Именно с этим явлением мы встречаемся в оригинальном и, следовательно, самом раннем рассказе Марка о Распятии. Мало того что ученики не способны бодрствовать вместе с Иисусом – они все оставили его и бежали, и не кто иной, как сам глава апостолов, Симон Петр, трижды отрекся от знакомства с ним. Воспоминание было настолько горьким, что уже в самом начале, в первом Евангелии, предпринимались попытки реабилитировать учеников. Эти попытки вошли в историю Страстей как часть второго трехчасового отрезка литургической драмы Марка. Когда после пасхальной трапезы ученики покинули горницу и с пением гимнов направились в Гефсиманский сад, Иисус сказал им: «Все вы соблазнитесь, ибо написано: “Поражу пастыря, и будут рассеяны овцы”» (14:27, цитата из Зах 13:7). Иными словами, Марк вкладывает в уста Иисуса признание о том, что апостольское бегство было необходимо, неизбежно и даже предсказано самим Иисусом. По уверению Марка, оно было частью божественного замысла. Ученики просто не могли поступить иначе. Если поступка не было, вряд ли имеет смысл искать ему оправдание свыше. Здесь мы определенно имеем дело с историческим фактом. Однако бегство апостолов наводит нас и на другую мысль – а именно на ту, что Иисус умер в одиночестве. Нам следует принять эту реальность, как бы нам ни было больно. Рядом не было никого, кто мог бы засвидетельствовать смерть Иисуса или оставить ее описание.
Бегство учеников – одно из бесспорно исторических воспоминаний о раннем христианском движении
Сразу за тем нужно признать еще один очевидный факт: то, что мы читаем в самой ранней истории Распятия – не историческое воспоминание. Но прежде, чем мы сможем выразить в точности, что же это такое, нам следует сделать следующий шаг в истолковании того, чего именно надеялись достичь своими рассказами авторы Евангелий. Мы исследуем оригинальный рассказ о Страстях у Марка и постараемся выявить источники его повествования, уже ставшего для нас набором хорошо знакомых деталей.
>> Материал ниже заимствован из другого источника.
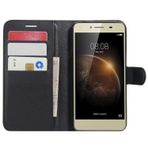 HualuBro Huawei Y5 II/Huawei Y6 II Kompakt Kılıf, Huawei Y5 2 / Huawei Y6 II Kompakt Akıllı Telefon için Kart Yuvalı Birinci Sınıf PU Deri Cüzdan Kapaklı Telefon Koruyucu Kılıf (Siyah)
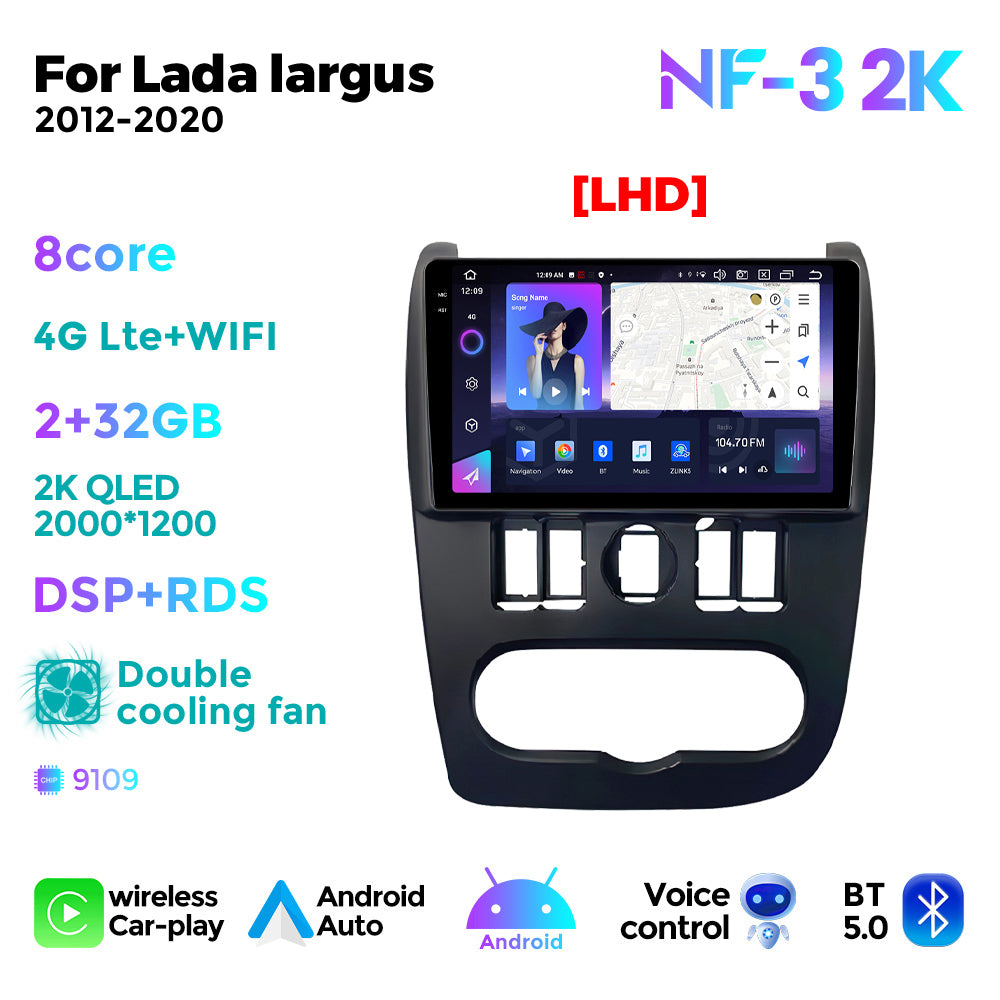 NaviFly NF Series Android 14 8G+256G 2K QLED screen CarPlay Auto DSP RDS 4GLte WIFI For Lada largus 2012-2020 LHD 9inch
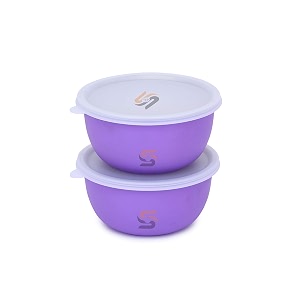 samps microwave bowl serving bowl bowl sets stainless steel kitchen storage bowl serving bowl set kitchen storage oven bowl set microwave kitchen accessories items 550ml-pack of 2 purple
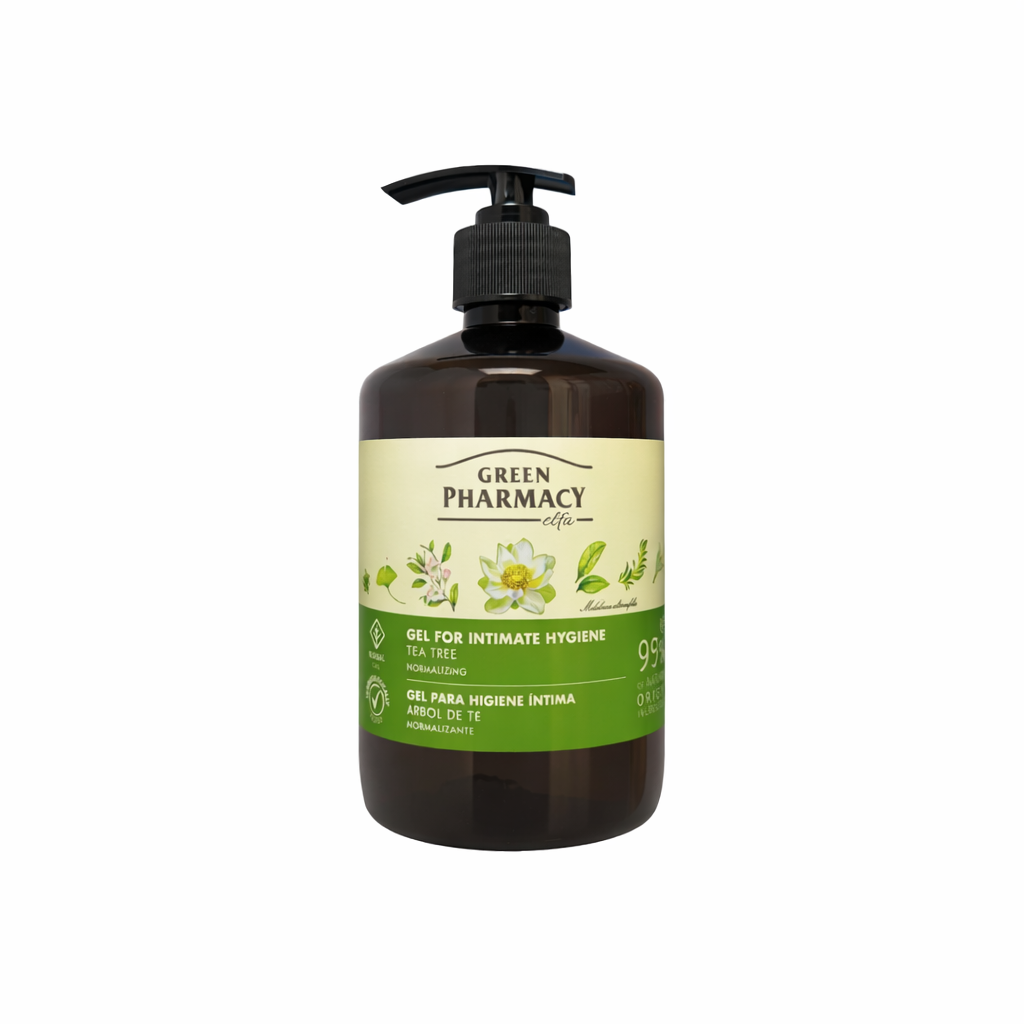 Gel de higiene íntima Green Pharmacy con árbol de té en envase con dosificador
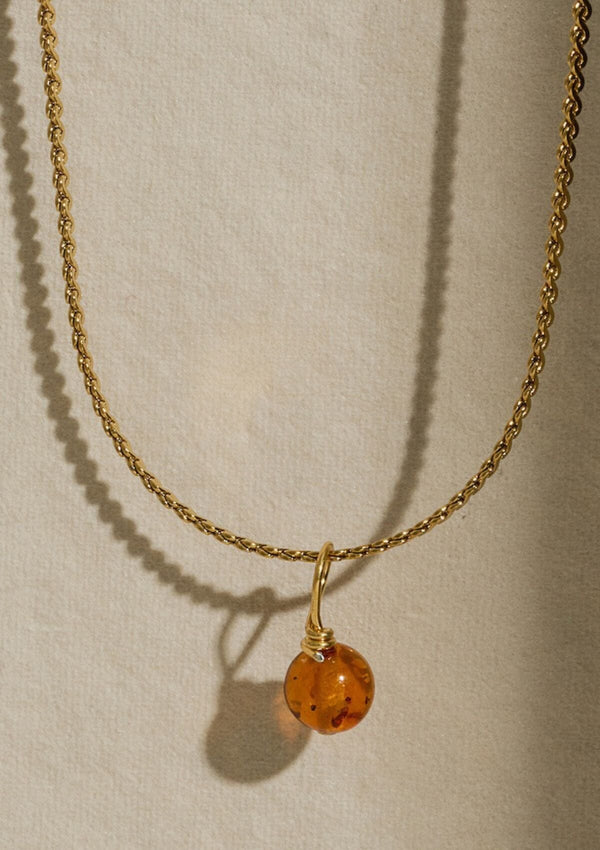 Amber Necklace | A Weathered Penny Necklace A Weathered Penny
Если нам удастся понять, как именно автор изначально строил повествование, нам будет легче понять его цель и намерения и проникнуть в суть опыта, объяснить который был призван его рассказ. Подсказка, с которой мы начнем наши поиски, находится, как я полагаю, в словах Павла из Первого послания к Коринфянам, на которое я уже ссылался выше. В своем кратком рассказе о Распятии Павел утверждал, что смерть Иисуса была «по Писаниям».
Тщательное исследование истории Распятия у Марка выявляет ее сильную зависимость от двух крупных отрывков из еврейской Библии, послуживших, в свою очередь, отправной точкой для других пассажей, призванных восполнить недостающие детали события. Важнейшие из них – Псалом 21/22 и глава 53 Книги пророка Исаии. И следующий этап в нашем интерпретирующем процессе – привлечь внимание читателей к этим двум главным источникам и проследить за тем, как они вызвали в памяти другие библейские тексты для завершения истории.